◆ TASK ITEM:
Every record must come back exactly as given.

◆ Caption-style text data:

****************

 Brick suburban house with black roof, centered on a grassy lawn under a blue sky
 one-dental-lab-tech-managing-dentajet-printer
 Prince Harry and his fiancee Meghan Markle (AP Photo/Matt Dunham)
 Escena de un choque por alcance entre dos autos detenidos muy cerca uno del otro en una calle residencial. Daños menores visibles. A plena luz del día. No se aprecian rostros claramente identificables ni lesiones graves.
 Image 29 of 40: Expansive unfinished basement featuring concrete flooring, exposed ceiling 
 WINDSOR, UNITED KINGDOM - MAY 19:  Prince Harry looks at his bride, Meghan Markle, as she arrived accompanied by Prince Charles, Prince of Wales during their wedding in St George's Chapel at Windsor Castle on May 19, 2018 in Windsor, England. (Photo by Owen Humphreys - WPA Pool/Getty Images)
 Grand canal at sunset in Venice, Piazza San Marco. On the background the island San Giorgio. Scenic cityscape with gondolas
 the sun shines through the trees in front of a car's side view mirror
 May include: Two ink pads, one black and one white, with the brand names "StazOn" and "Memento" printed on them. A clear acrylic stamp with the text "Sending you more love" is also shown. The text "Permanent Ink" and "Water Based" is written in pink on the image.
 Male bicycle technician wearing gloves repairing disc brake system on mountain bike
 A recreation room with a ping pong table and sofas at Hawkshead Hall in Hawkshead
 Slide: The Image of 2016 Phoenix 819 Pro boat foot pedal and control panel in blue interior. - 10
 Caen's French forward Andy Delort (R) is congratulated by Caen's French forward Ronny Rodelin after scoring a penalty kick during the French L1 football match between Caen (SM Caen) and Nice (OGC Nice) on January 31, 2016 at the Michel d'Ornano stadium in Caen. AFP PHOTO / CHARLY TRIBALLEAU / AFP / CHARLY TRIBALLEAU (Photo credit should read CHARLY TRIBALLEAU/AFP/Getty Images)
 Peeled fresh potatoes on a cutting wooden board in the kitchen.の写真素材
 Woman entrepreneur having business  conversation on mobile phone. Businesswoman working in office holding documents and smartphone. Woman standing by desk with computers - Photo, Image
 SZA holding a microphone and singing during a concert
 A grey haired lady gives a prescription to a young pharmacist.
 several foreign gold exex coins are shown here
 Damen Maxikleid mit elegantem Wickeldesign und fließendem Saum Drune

****************

◆ YOUR RESPONSE:
 Brick suburban house with black roof, centered on a grassy lawn under a blue sky
 one-dental-lab-tech-managing-dentajet-printer
 Prince Harry and his fiancee Meghan Markle (AP Photo/Matt Dunham)
 Escena de un choque por alcance entre dos autos detenidos muy cerca uno del otro en una calle residencial. Daños menores visibles. A plena luz del día. No se aprecian rostros claramente identificables ni lesiones graves.
 Image 29 of 40: Expansive unfinished basement featuring concrete flooring, exposed ceiling 
 WINDSOR, UNITED KINGDOM - MAY 19:  Prince Harry looks at his bride, Meghan Markle, as she arrived accompanied by Prince Charles, Prince of Wales during their wedding in St George's Chapel at Windsor Castle on May 19, 2018 in Windsor, England. (Photo by Owen Humphreys - WPA Pool/Getty Images)
 Grand canal at sunset in Venice, Piazza San Marco. On the background the island San Giorgio. Scenic cityscape with gondolas
 the sun shines through the trees in front of a car's side view mirror
 May include: Two ink pads, one black and one white, with the brand names "StazOn" and "Memento" printed on them. A clear acrylic stamp with the text "Sending you more love" is also shown. The text "Permanent Ink" and "Water Based" is written in pink on the image.
 Male bicycle technician wearing gloves repairing disc brake system on mountain bike
 A recreation room with a ping pong table and sofas at Hawkshead Hall in Hawkshead
 Slide: The Image of 2016 Phoenix 819 Pro boat foot pedal and control panel in blue interior. - 10
 Caen's French forward Andy Delort (R) is congratulated by Caen's French forward Ronny Rodelin after scoring a penalty kick during the French L1 football match between Caen (SM Caen) and Nice (OGC Nice) on January 31, 2016 at the Michel d'Ornano stadium in Caen. AFP PHOTO / CHARLY TRIBALLEAU / AFP / CHARLY TRIBALLEAU (Photo credit should read CHARLY TRIBALLEAU/AFP/Getty Images)
 Peeled fresh potatoes on a cutting wooden board in the kitchen.の写真素材
 Woman entrepreneur having business  conversation on mobile phone. Businesswoman working in office holding documents and smartphone. Woman standing by desk with computers - Photo, Image
 SZA holding a microphone and singing during a concert
 A grey haired lady gives a prescription to a young pharmacist.
 several foreign gold exex coins are shown here
 Damen Maxikleid mit elegantem Wickeldesign und fließendem Saum Drune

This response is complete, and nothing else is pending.